Problem to solve:
Retype the lines below exactly, but only those from the line that has "Clinician Training Rope" through the line that has "AKC Boston Terrier Puppies". Omit every picture.

Task material:
● ● ● ● ●

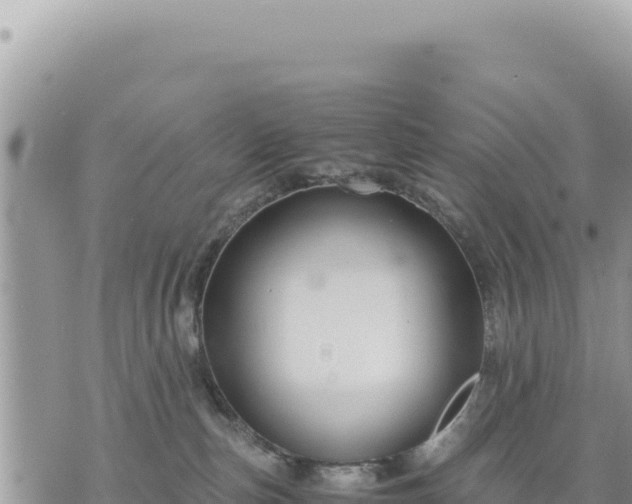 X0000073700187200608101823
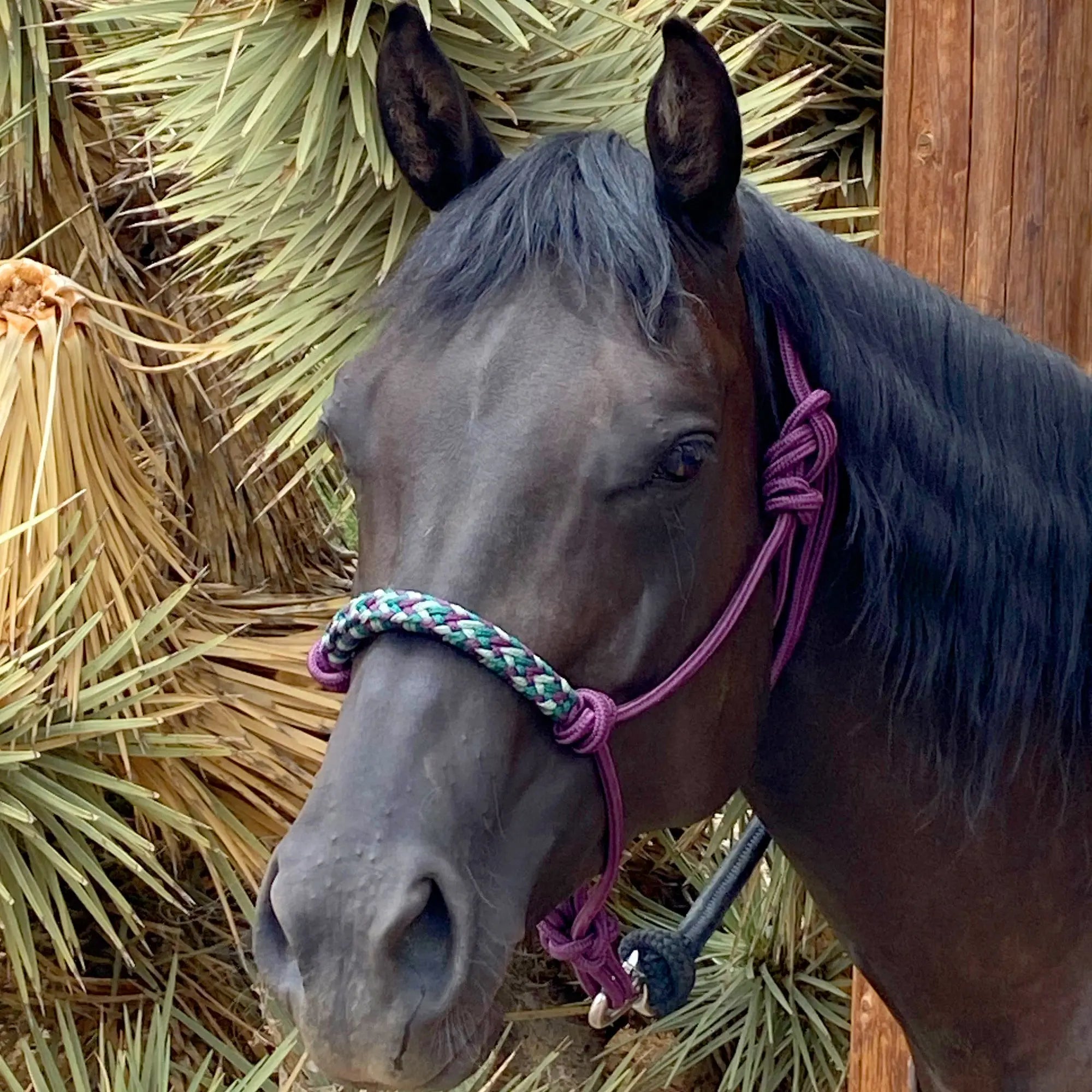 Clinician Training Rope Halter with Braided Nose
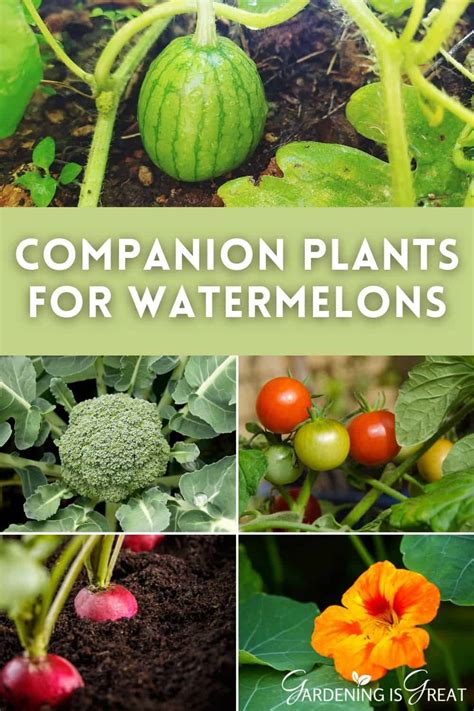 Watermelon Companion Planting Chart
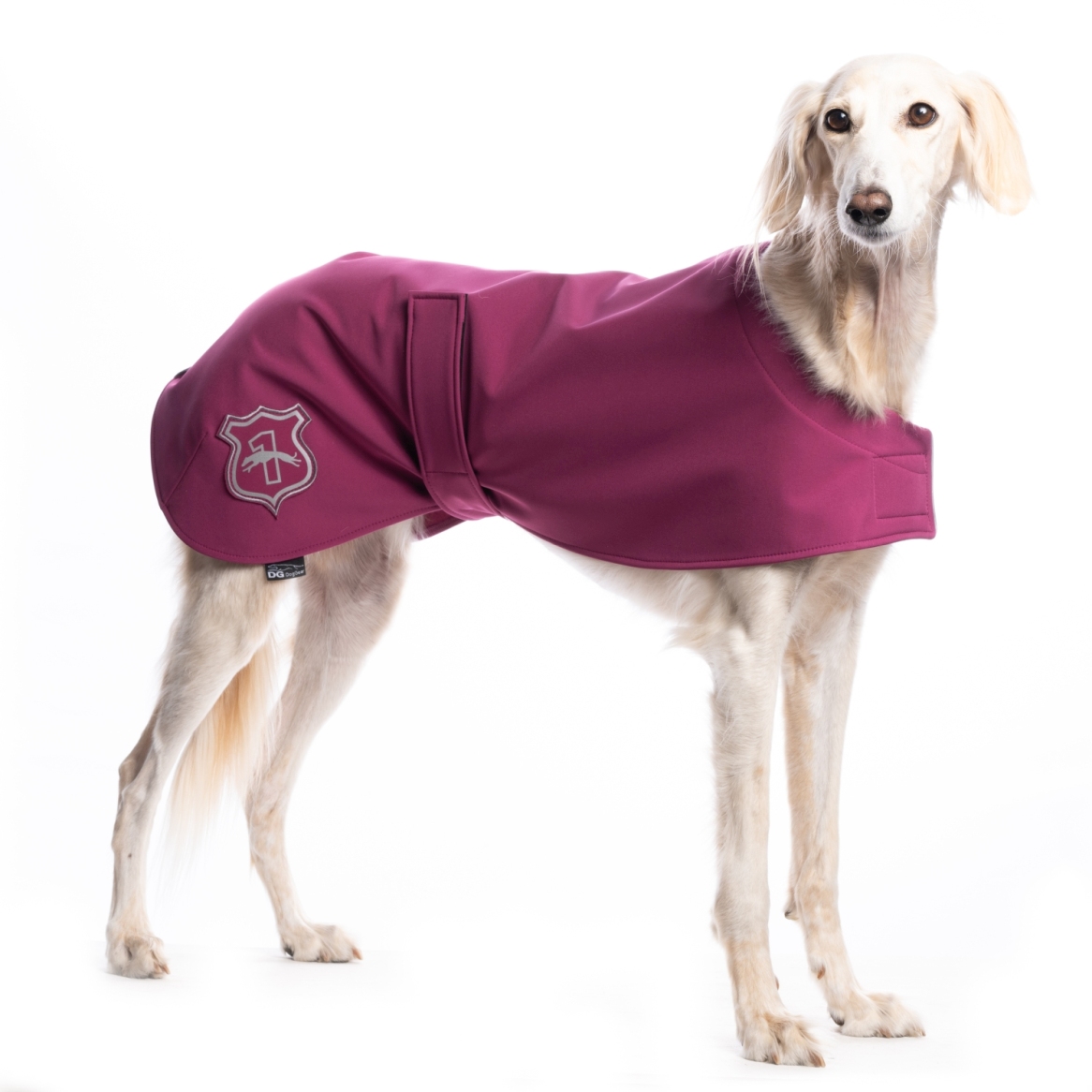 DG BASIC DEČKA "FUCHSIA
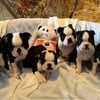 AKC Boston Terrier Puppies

● ● ● ● ●

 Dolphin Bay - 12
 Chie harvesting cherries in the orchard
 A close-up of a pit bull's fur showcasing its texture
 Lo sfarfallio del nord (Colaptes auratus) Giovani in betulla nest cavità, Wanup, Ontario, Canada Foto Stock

● ● ● ● ●

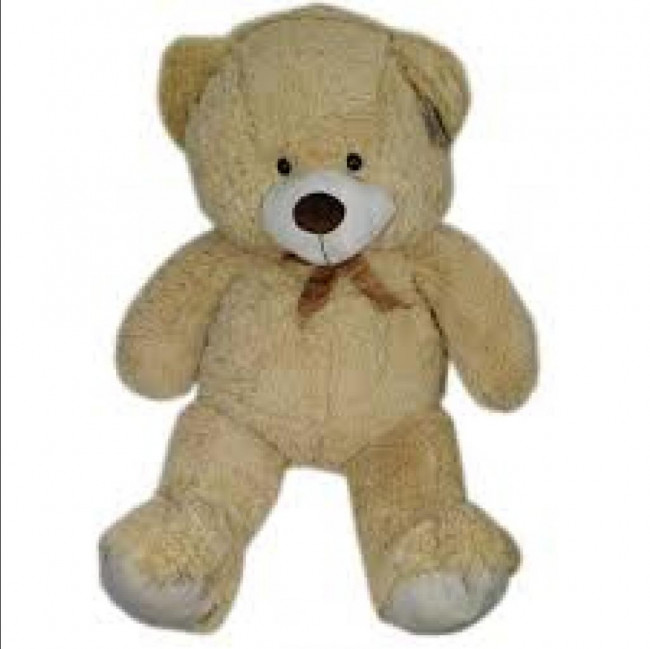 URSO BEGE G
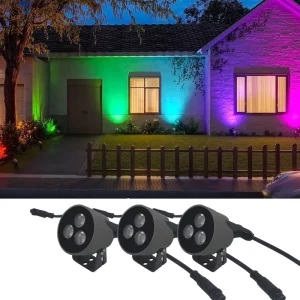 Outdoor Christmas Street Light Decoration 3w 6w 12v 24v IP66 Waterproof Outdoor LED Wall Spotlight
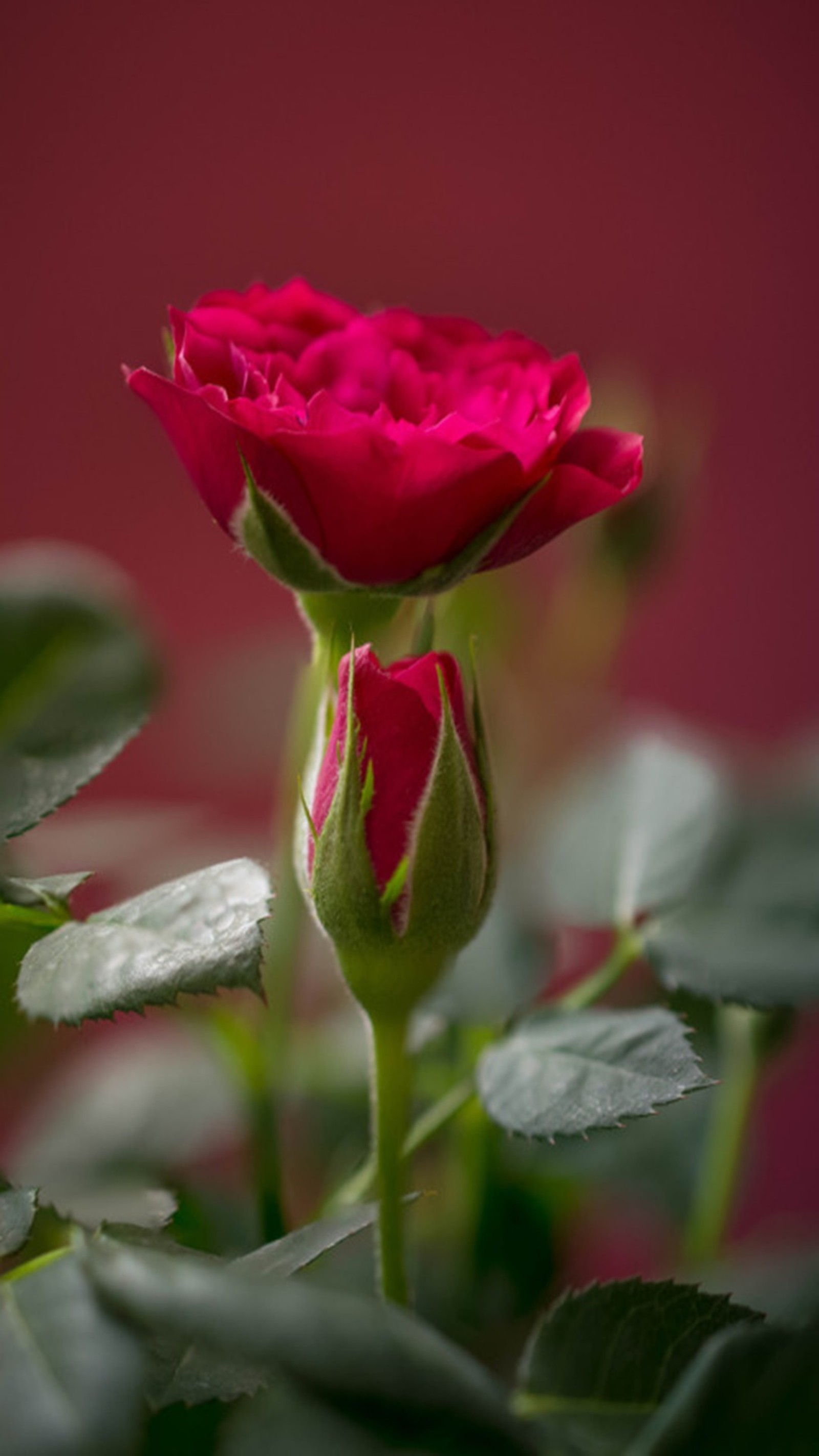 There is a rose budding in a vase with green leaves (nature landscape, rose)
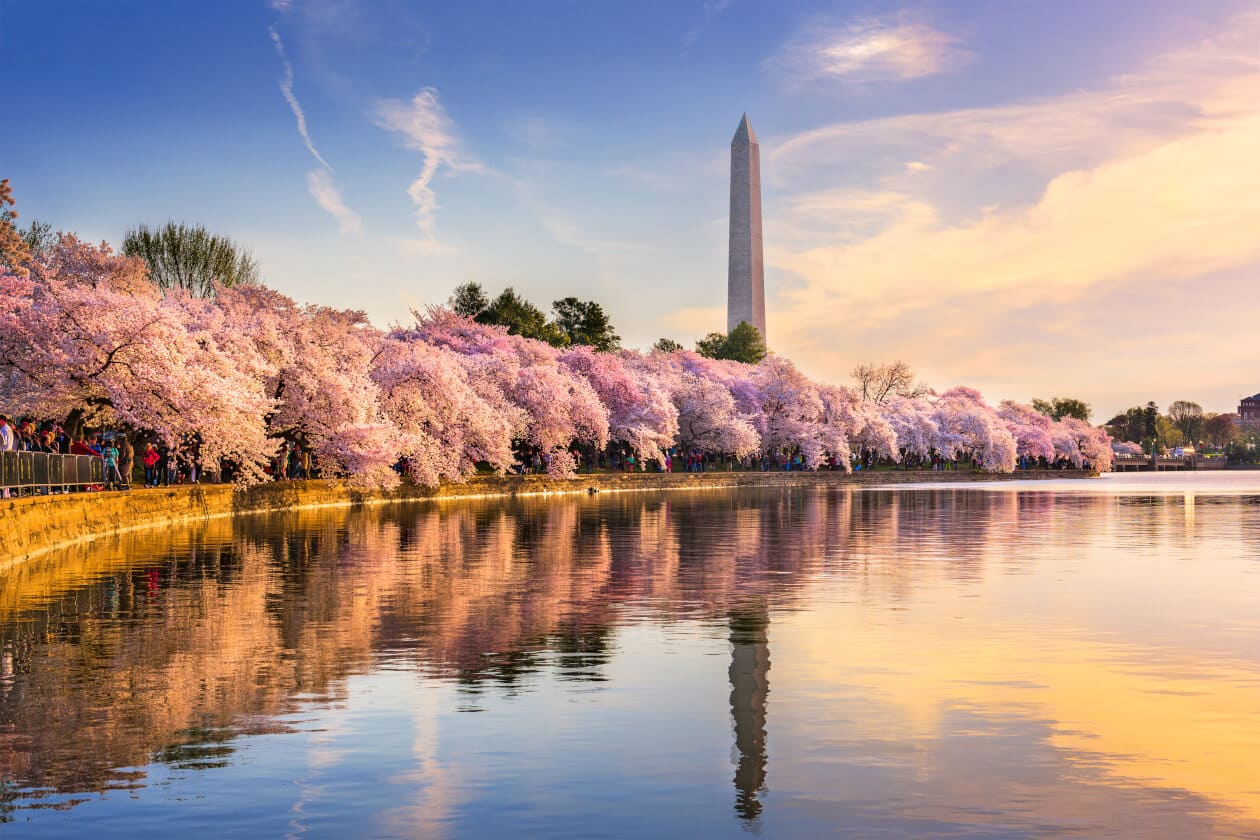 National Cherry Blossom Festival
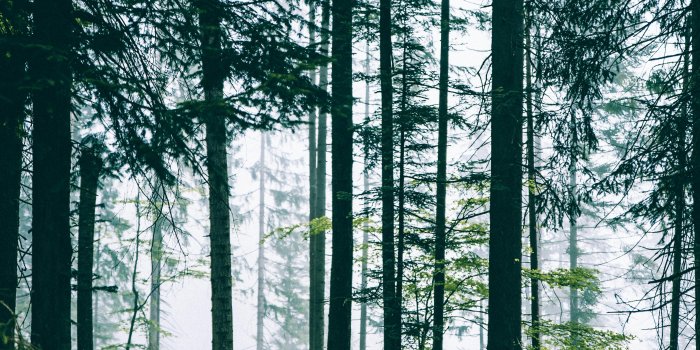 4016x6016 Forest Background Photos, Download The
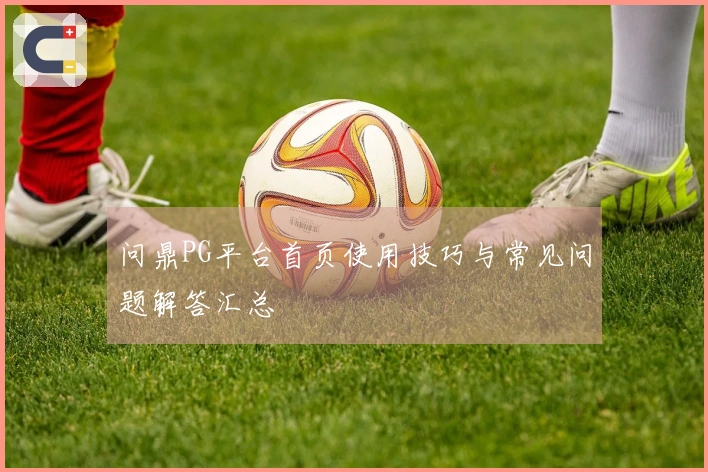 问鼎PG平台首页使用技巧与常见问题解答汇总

● ● ● ● ●

Answer space:
 Clinician Training Rope Halter with Braided Nose
 Watermelon Companion Planting Chart
 DG BASIC DEČKA "FUCHSIA
 AKC Boston Terrier Puppies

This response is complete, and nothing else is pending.